The decision in Ajaya Kumar Das v. State of Orissa, (2011) 11 SCC 136 wherein it is held that the Rules framed under Article 309 of the Constitution cannot be amended by way of executive instructions is of no assistance to the petitioner in given facts. Be that as it may, even if the contention of the petitioner is taken to be true then also it cannot be a case of error apparent on the face of record. 16. In Kamlesh Verma v. Mayawati, (2013) 8 SCC 320 it is held: “14. Review of the earlier order cannot be done unless the court is satisfied that material error, manifest on the face of the order, undermines its soundness or results in miscarriage of justice………………” “16. Error contemplated under the rule must be such which is apparent on the face of the record and not an error which has to be fished out and searched.

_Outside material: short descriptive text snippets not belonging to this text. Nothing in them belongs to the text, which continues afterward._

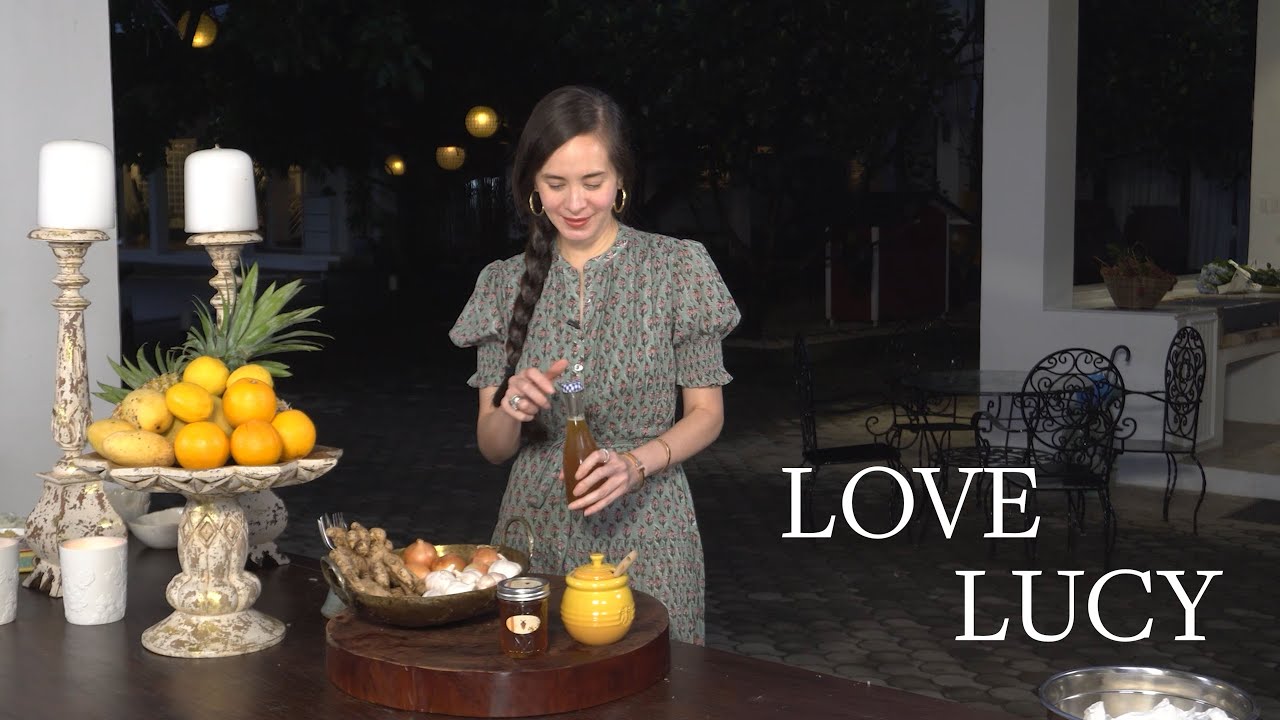 Love Lucy: Homemade Natural Cough Syrup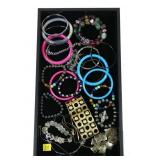 Lot, fashion bracelets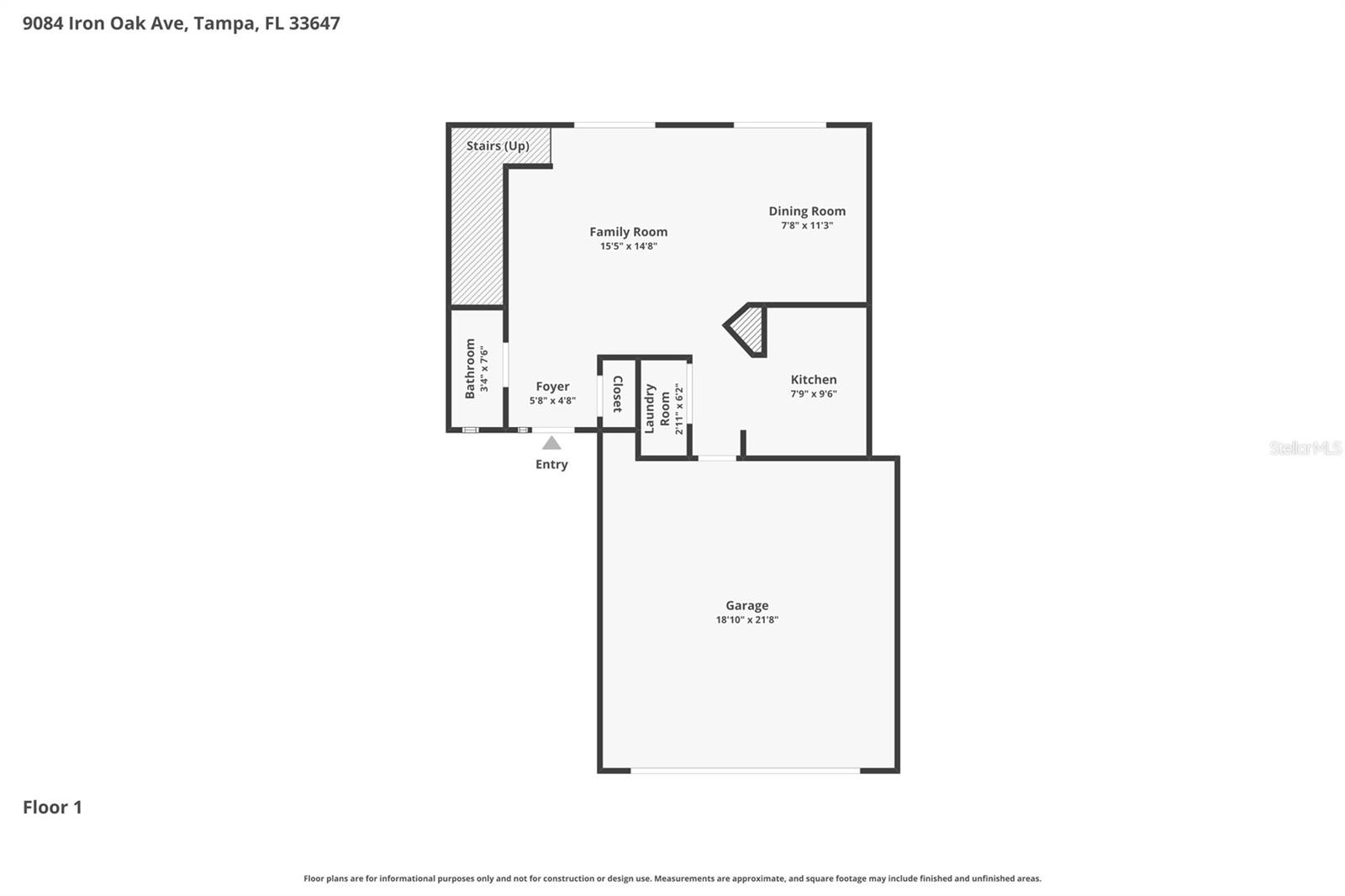 Floor Plan - Floor 1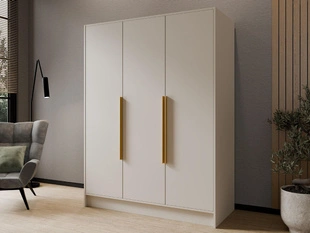 Armoire Portes Battantes Perugia Cachemire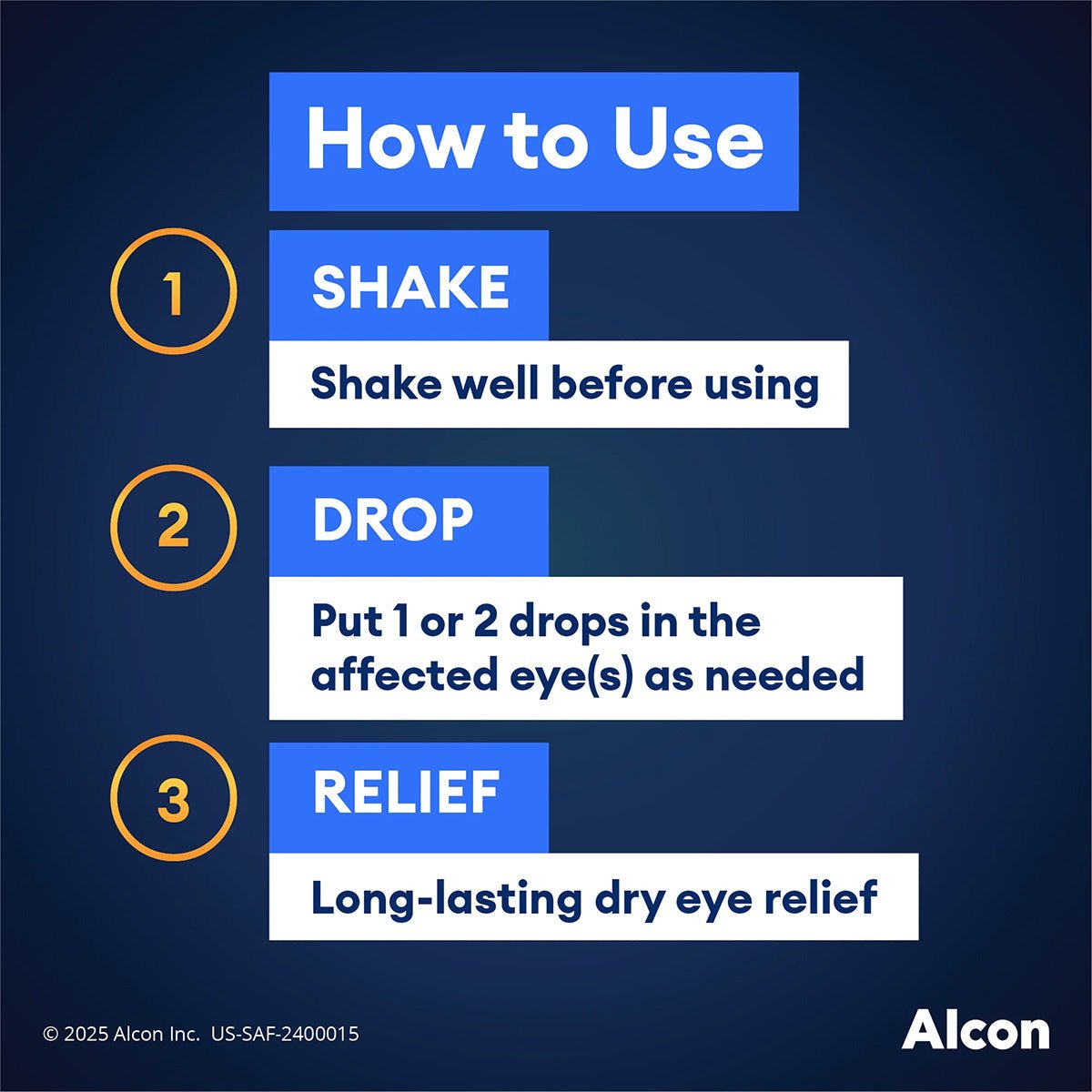 Systane® PRO PF Multi - Dose Lubricant Eye Drops – 10mL - Dryeye Rescue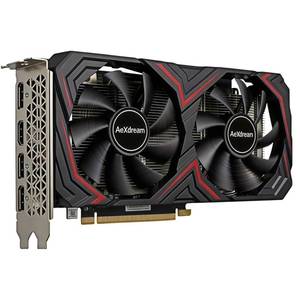 lot 1258 image: RX 590 8GB GDDR5 Graphics Card, 256 Bit RX 590 2304SP Gaming Graphics Card, PCIe 3.0 x16, 8-Pin Input DirectX 12 GPU for Gaming PC, DP3HDMI Output, 1080P Display, Dual Fan Cooling Low Noise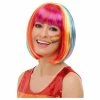 Smiffys Rainbow Bob Wig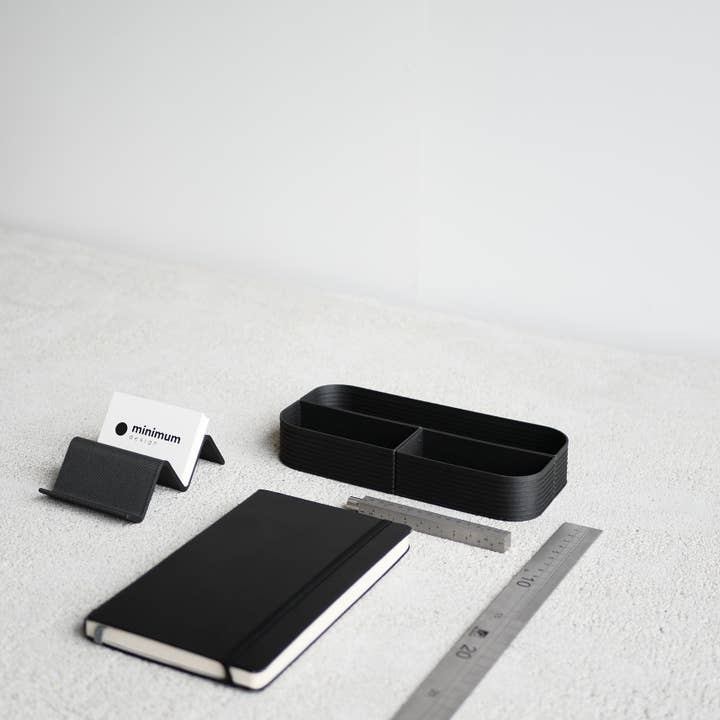 MINIMUM DESIGN - Wholesale Desk Organizer - BROOKLYN 02 Desk organizer - Original gift idea5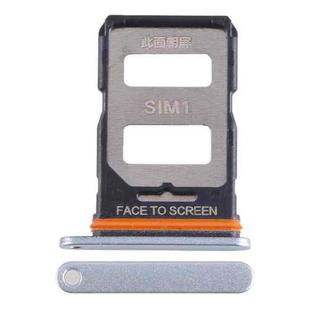 For Xiaomi Poco F5 SIM Card Tray + SIM Card Tray (Silver)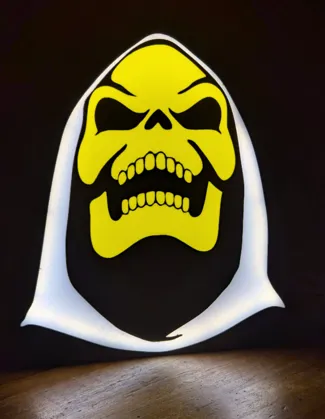 Skeletor (Light box version)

It must be an error of inadvertence. The power of review can be exercised for correction of a mistake but not to substitute a view. The mere possibility of two views on the subject is not a ground for review………………” 17. In the case at hand as the petitioner fails to establish any error apparent on the face of record, we are not inclined to cause any indulgence. 18. Consequently, Review Petition fails and is dismissed. No costs.